Disturbances of the faculty of speech in brain-shock or paraphasia have been carefully studied; and it has been noted in this condition that while the patient may be able to speak, his words show a tendency to jumble. Wrong words persistently and vexatiously present themselves. That is to say, the mechanism in the region of Broca is out of order; it fails to function properly. If words originated in the mechanism and not in the ideas, of which the words are symbols, there would be no consciousness of faulty function—of the wrong word. But the contrary happens: the mind is conscious of the failure of its machine to do its work. This indicates that the mind makes use of this part of the brain at least, much as one uses a typewriting or other similar machine. In using a damaged typewriting machine, for instance, one may have a clear motive and he may be able to strike the keys accurately, but the instrument responds faultily with wrong letters (parts of words) just as a slightly injured speech-area responds to clear purpose with faulty words (parts of speech). If the mind were only a function of the brain—or at least, if words were a function of the speech-center, merely—naturally there would be no consciousness of impairment. This phase of consciousness, therefore, must occupy some complex in time or space or relationship outside, if not separate from, that occupied by the functions of the brain. All this deepens the mysteries surrounding our words; or, rather, as we think on the subject, we become more keenly aware of our lack of exact knowledge—certainly, in the relationship of brain to mind.
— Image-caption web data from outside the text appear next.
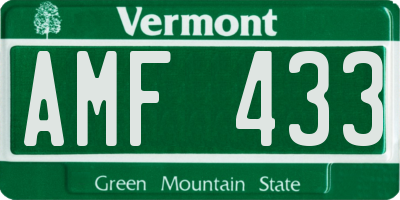 VT license plate AMF433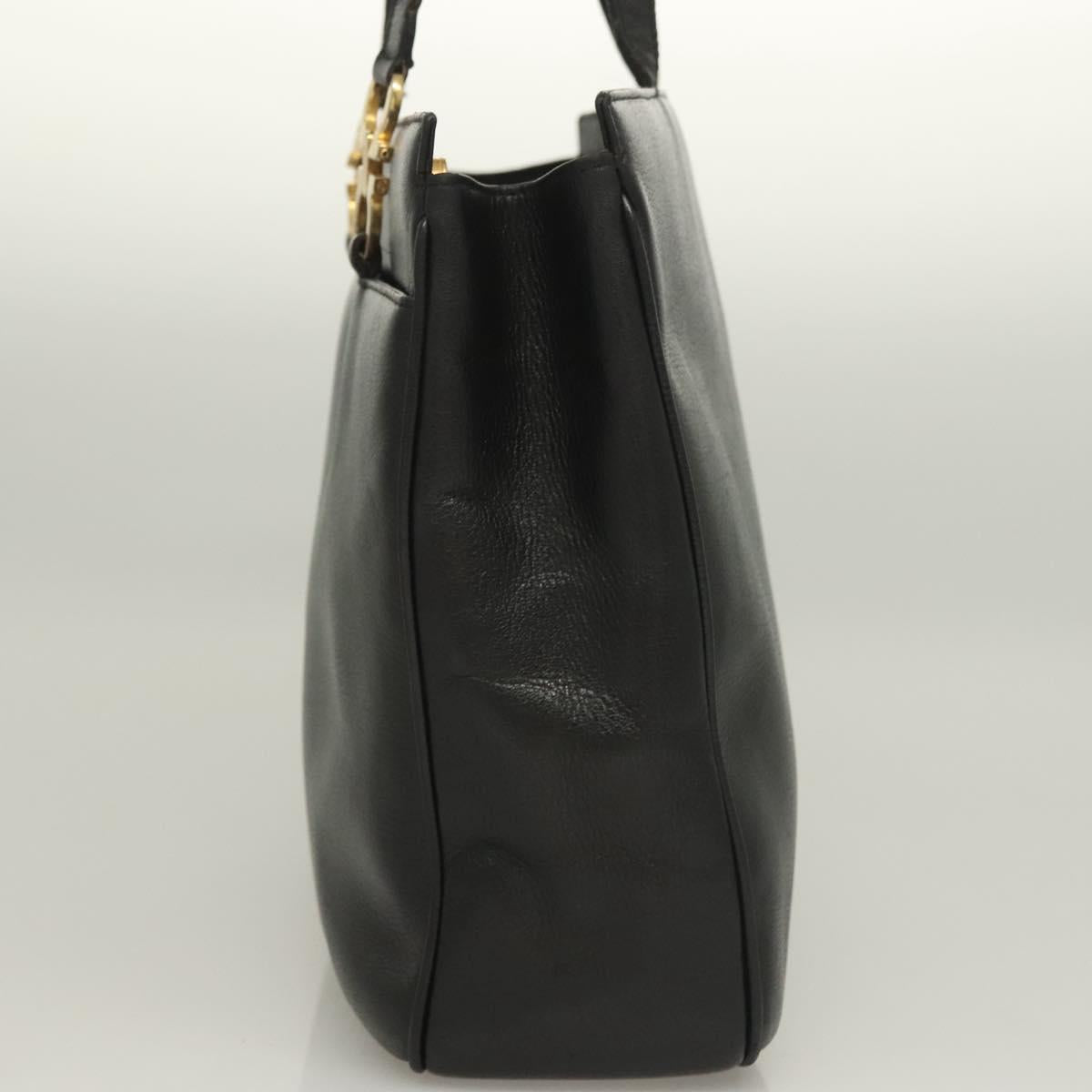 Salvatore Ferragamo Gancini Tote Bag Leather Black Gold Auth bs26846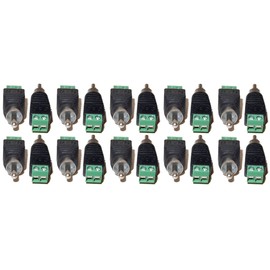 Evertech 20 Pcs UTP Cat5/Cat6 Cable to AV RCA Male Screw Terminal Audio/Video Connector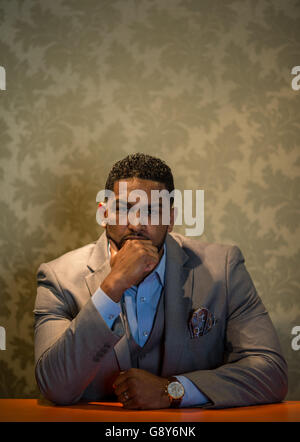 Anthony Joshua v Dominic Breazeale Conférence de presse - Hilton Syon Park.Dominic Breazeale pose après la conférence de presse à Hilton Syon Park, Londres. Banque D'Images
For the most part, the brain is a barren waste. Only a few parts of the cortex have been cultivated and made productive; yet there are many useful little garden patches which have been tilled by labor, titillated by play, and watered with tears besides the little areas of speech. There is one, not yet located I believe, which registers musical notes, and another to give them forth. These regions may remain uncultivated and lie fallow through life; or having been cultivated, they may be rendered useless and sterile by accident or disease while the speech-areas remain unharmed. There is a register-area for mathematics, another for form, and another for color. We all have known great artists! consummate colorists, exquisite delineators, and superb acrobatic performers on musical instruments who were virtual idiots otherwise almost entirely. The specialized mechanisms in the brain are, it is true, so related that damage done to one usually impairs others; but sometimes it does not. One exception is enough to kill any rule.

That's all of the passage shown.